Work request: The answer should be a faithful retyping of the records that follow, pictures excluded.

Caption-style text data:
■ ■ ■ ■ ■ ■ ■
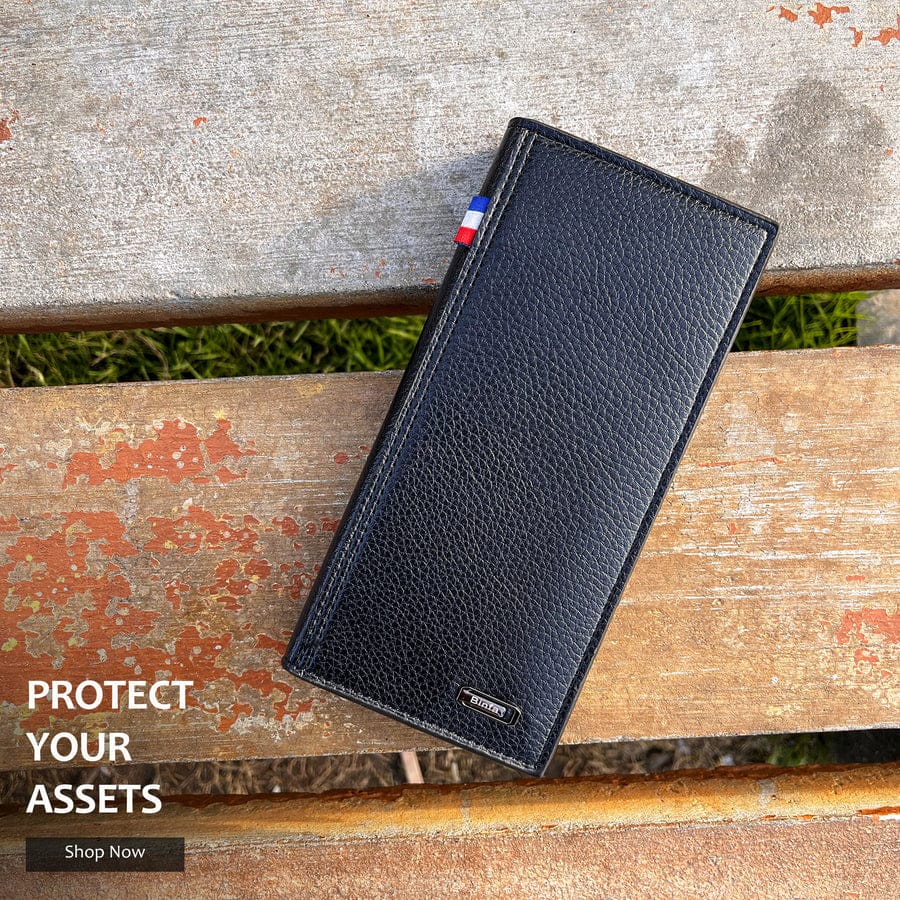 Classic Bowesi Style Long Wallet – Spacious Card Mobile Holder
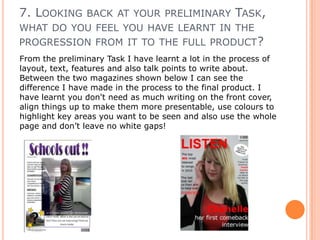 AudienceMy Magazine was intended to be aimed at an audience between the ages of 14 – 19 however this was only the primary audience as a secondary audience maybe a little older which could be 20 – 24 years of age. The gender of the magazine would mostly likely be a female audience buying but with such a dark colour scheme it may also attract some males to buy this.The genre of my magazine will attract a younger audience because of the modern genre of it, but it can also bring other social groups of genres together which are made by different collaborations at this moment in time.4.who would be the audience for your media product?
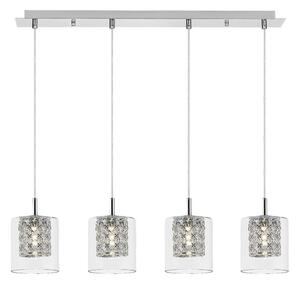 Rabalux 3116 - Lampadario in cristallo su corda DUCHESS 4xG9/40W/230V
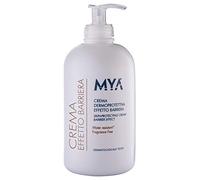 GERMO Mya - Crema Dermoprotettiva Mani, Effetto Barriera, Resistente all'Acqua, senza Parabeni, senza Alcool e senza Fragranze, Flacone Dosatore da 500 Millilitri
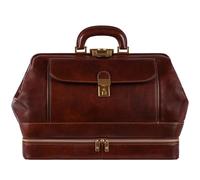 Time Resistance Sac Médecin en Cuir avec Serrure à Clé Design Vintage pour Médecin (Marron)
■ ■ ■ ■ ■ ■ ■
Task response:
 Classic Bowesi Style Long Wallet – Spacious Card Mobile Holder
 AudienceMy Magazine was intended to be aimed at an audience between the ages of 14 – 19 however this was only the primary audience as a secondary audience maybe a little older which could be 20 – 24 years of age. The gender of the magazine would mostly likely be a female audience buying but with such a dark colour scheme it may also attract some males to buy this.The genre of my magazine will attract a younger audience because of the modern genre of it, but it can also bring other social groups of genres together which are made by different collaborations at this moment in time.4.who would be the audience for your media product?
 Rabalux 3116 - Lampadario in cristallo su corda DUCHESS 4xG9/40W/230V
 GERMO Mya - Crema Dermoprotettiva Mani, Effetto Barriera, Resistente all'Acqua, senza Parabeni, senza Alcool e senza Fragranze, Flacone Dosatore da 500 Millilitri
 Time Resistance Sac Médecin en Cuir avec Serrure à Clé Design Vintage pour Médecin (Marron)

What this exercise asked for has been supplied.